Randall has also had a public presence through her writing, lectures, and radio and TV appearances. Randall’s books, Warped Passages: Unraveling the Mysteries of the Universe’s Hidden Dimensions and Knocking on Heaven’s Door: How Physics and Scientific Thinking Illuminate the Universe and the Modern World were both on the New York Times’ list of 100 Notable Books of the Year. Higgs Discovery: The Power of Empty Space was released as a Kindle Single in the summer of 2012 as an update with recent particle physics developments.
Randall’s studies have made her among the most cited and influential theoretical physicists and she has received numerous awards and honors for her scientific endeavors. She is a member of the National Academy of Sciences, the American Philosophical Society, the American Academy of Arts and Sciences, was a fellow of the American Physical Society, and is a past winner of an Alfred P. Sloan Foundation Research Fellowship, a National Science Foundation Young Investigator Award, a DOE Outstanding Junior Investigator Award, and the Westinghouse Science Talent Search. Randall is an Honorary Member of the Royal Irish Academy and an Honorary Fellow of the British Institute of Physics. In 2003, she received the Premio Caterina Tomassoni e Felice Pietro Chisesi Award, from the University of Rome, La Sapienza. In 2006, she received the Klopsteg Award from the American Society of Physics Teachers (AAPT) for her lectures and in 2007 she received the Julius Lilienfeld Prize from the American Physical Society for her work on elementary particle physics and cosmology and for communicating this work to the public.
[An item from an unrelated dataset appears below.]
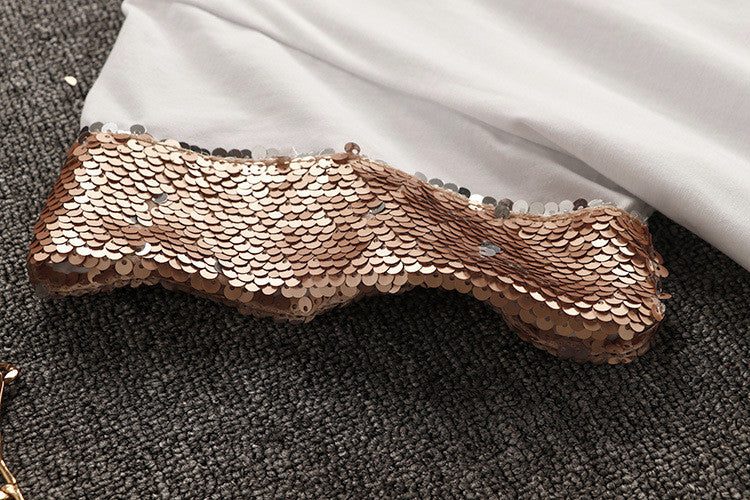 Completo pailettes rosa Wanda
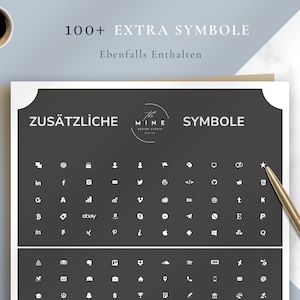 May include: A black and white graphic design with the text "100+ EXTRA SYMBOLE" and "Ebenfalls Enthalten". The design includes various icons and symbols, a cup of coffee, and a gold pen.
Randall has also pursued art-science connections, writing a libretto for Hypermusic: A Projective Opera in Seven Planes that premiered in the Pompidou Center in Paris and co-curating an art exhibit for the Los Angeles Arts Association, Measure for Measure, which was presented in Gallery 825 in Los Angeles, at the Guggenheim Gallery at Chapman University, and at Harvard’s Carpenter Center. In 2012, she was the recipient of the Andrew Gemant Award from the American Institute of Physics, which is given annually for significant contributions to the cultural, artistic, or humanistic dimension of physics.
Professor Randall was on the list of Time Magazine's "100 Most Influential People" of 2007 and was one of 40 people featured in The Rolling Stone 40th Anniversary issue that year. Prof. Randall was featured in Newsweek's "Who's Next in 2006" as "one of the most promising theoretical physicists of her generation" and in Seed Magazine's "2005 Year in Science Icons". In 2008, Prof. Randall was among Esquire Magazine's “75 Most Influential People.”
Professor Randall earned her PhD from Harvard University and held professorships at MIT and Princeton University before returning to Harvard in 2001. She is also the recipient of honorary degrees from Brown University, Duke University, Bard College, and the University of Antwerp.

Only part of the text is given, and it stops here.